L’idea  della canzone, nasce da un’intuizione proprio di Brooker che sente le profonde e radicali mutazioni musicali che stanno arrivando nel periodo da Beatles, Rolling Stones, Beach Boys, Kinks e Who.

I Procol Harum, danno vita con altri gruppi del tempo a quello che è noto come rock sinfonico. Genere nato dalla contaminazione della musica beat del tempo con la musica classica. La melodia di “A Whiter Shade of Pale”, ha, infatti, tre riferimenti principali, di cui due che riportano proprio alla musica classica. Il primo è a “l’Aria sulla quarta corda” di Johann Sebastian Bach, cui era ispirata l’intro di Hammond M 102 di Metthew Fisher. La seconda è la cantata BWW 140 “Wachet auf, ruft uns die Stimme”, sempre di Bach. La terza invece è un riferimento alla la hit di un anno prima, 1966 di Percy Sledge con “When a man loves a woman”, che influenza molto il riff.

Il titolo del brano in italiano si potrebbe tradurre con “Una tonalità più bianca del pallido”, si riferirebbe a una frase ascoltata durante una festa, dove un ragazzo rivolgendosi a una coetanea, disse: “You’ve turned a whiter shade of pale”.
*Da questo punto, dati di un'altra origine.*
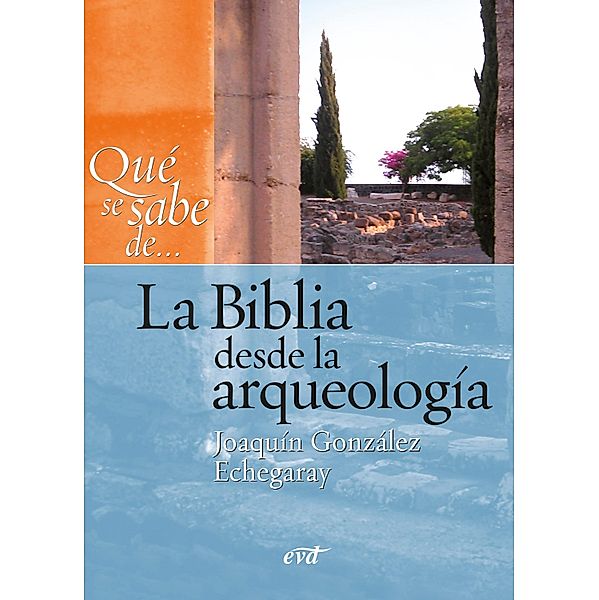 Qué se sabe de... La Biblia desde la arqueología / Qué se sabe de..., Joaquín González Echegaray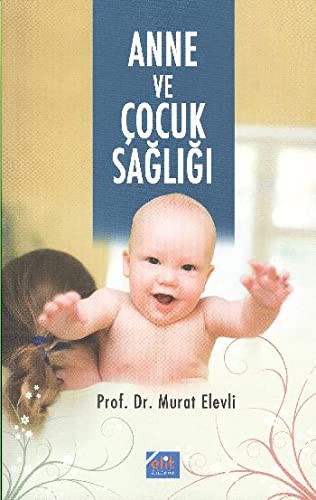 ANNE VE COCUK SAGLGI - MURAT ELEVLI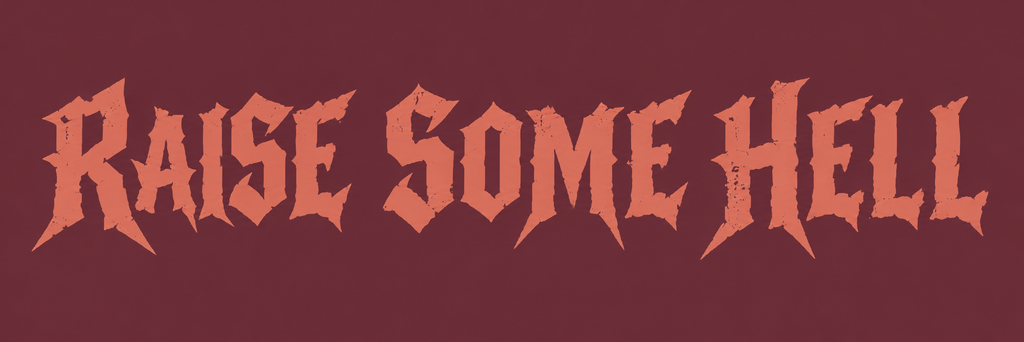 Custom New Rocker Halloween font graphic featuring “Raise Some Hell” in aggressive gothic lettering on a black background.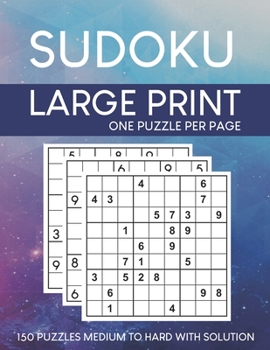 Paperback Sudoku Puzzles Large Print: 150 Medium to Hard Puzzles with Solutions for Adult [Large Print] Book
Il testo e l’atmosfera sognante, quasi onirica del brano nascono da diverse influenze tra cui i quadri e le opere di due maestri del surrealismo come Renè Magritte e Salvador Dalì.

Reid nel creare il brano e l’atmosfera intendeva raccontare la storia di una ragazza che lasciava il suo boy-friend e gli stati d’animo che ne derivano per entrambi: “She said, ‘There is no reason / And the truth is plain to see’”.

Per trovare le frasi e le parole giuste, si rifà anche a brani della letteratura classica inglese. La parte in cui si narra del mugnaio “As the miller told his tale” sembra essere probabilmente ispirata a “Il prologo e il racconto del mugnaio” (“The Miller’s Prologue and Tale”), la seconda storia degli incompiuti “Racconti di Canterbury” di Geoffrey Chaucer (1343-1400), in cui un mugnaio ubriaco racconta la storia del tradimento di un falegname da parte della giovane moglie.

In Italia per anni il brano ebbe decisamente più successo nella versione in lingua, rivisitata da Mogol per i Dik Dik, che in quella originale dei Procol Harum.

Il gruppo divenne noto anche da noi pochi anni dopo con “A Salty Dog”, un brano con arrangiamenti per archi e un interludio ispirato a Fryderyk Chopin, che inizia con il rumore del mare e i versi dei gabbiani.

La canzone fu la sigla finale di un programma per ragazzi “Avventura”, che per quasi un decennio a partire dalla seconda metà degli anni ’60, ha trasmesso documentari sulla natura o sulle imprese di esplorazione in luoghi impervi o sconosciuti, alla ricerca di culture e popoli lontani e diversi.